Data
- Opening Delimiter -

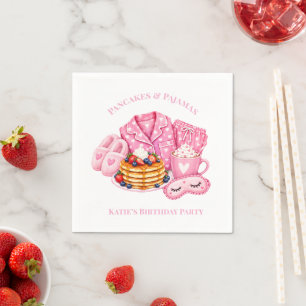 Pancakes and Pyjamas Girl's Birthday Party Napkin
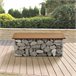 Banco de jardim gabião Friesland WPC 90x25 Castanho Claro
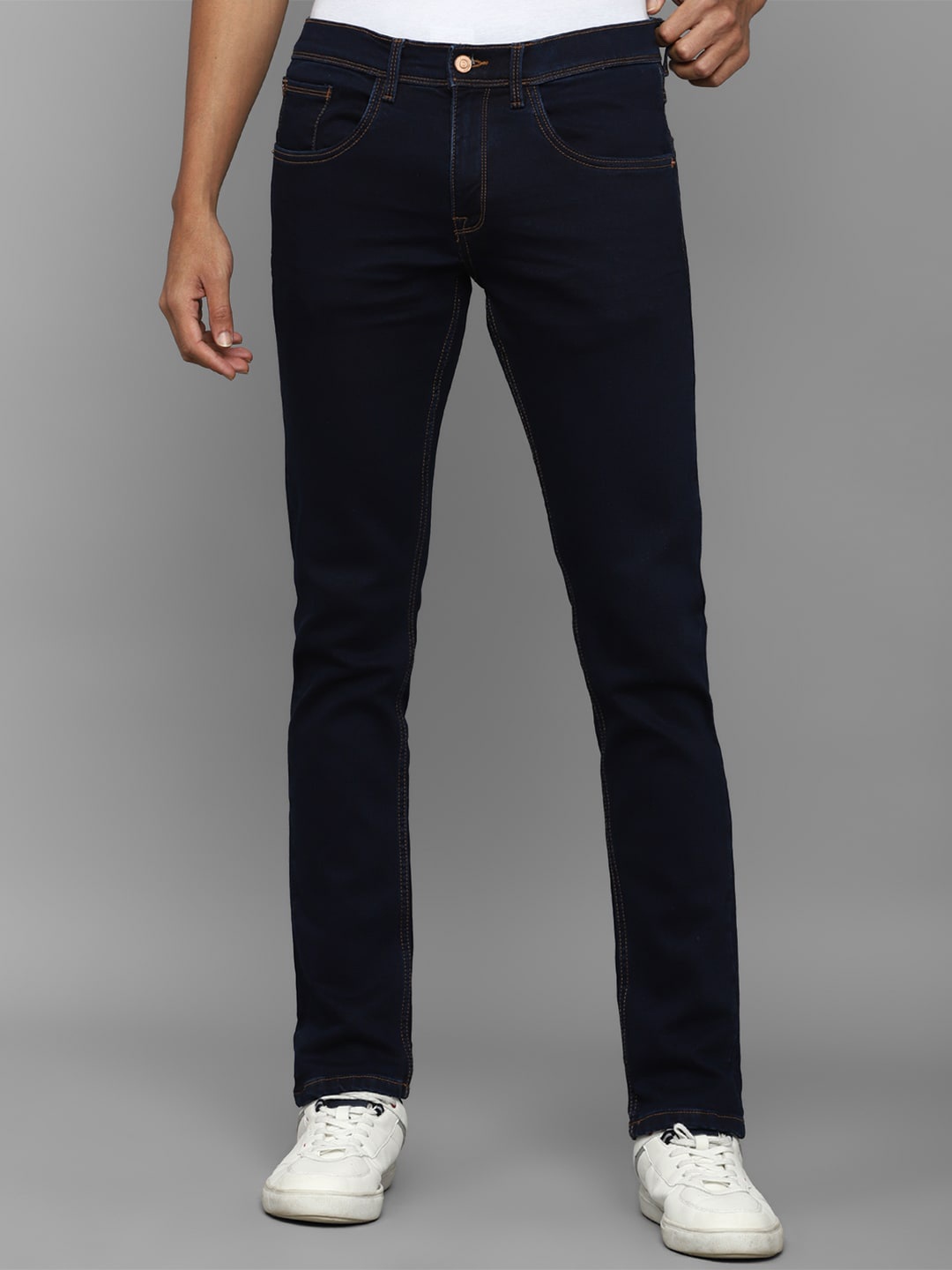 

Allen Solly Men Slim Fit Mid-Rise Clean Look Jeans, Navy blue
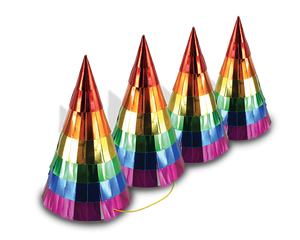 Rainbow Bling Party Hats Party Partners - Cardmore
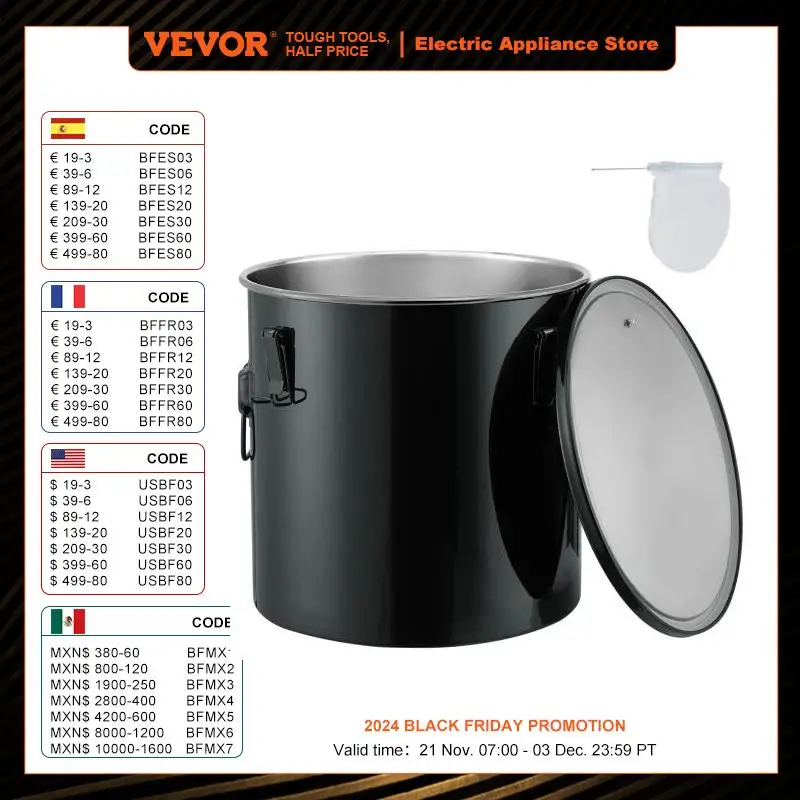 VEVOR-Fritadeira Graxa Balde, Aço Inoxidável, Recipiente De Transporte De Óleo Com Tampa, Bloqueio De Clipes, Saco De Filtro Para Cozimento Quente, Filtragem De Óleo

- Closing Delimiter -

What is required
Please set down every record above exactly as it appears, leaving out the pictures.

Solution to this problem
 Pancakes and Pyjamas Girl's Birthday Party Napkin
 Banco de jardim gabião Friesland WPC 90x25 Castanho Claro

Allen Solly Men Slim Fit Mid-Rise Clean Look Jeans, Navy blue
 Rainbow Bling Party Hats Party Partners - Cardmore
 VEVOR-Fritadeira Graxa Balde, Aço Inoxidável, Recipiente De Transporte De Óleo Com Tampa, Bloqueio De Clipes, Saco De Filtro Para Cozimento Quente, Filtragem De Óleo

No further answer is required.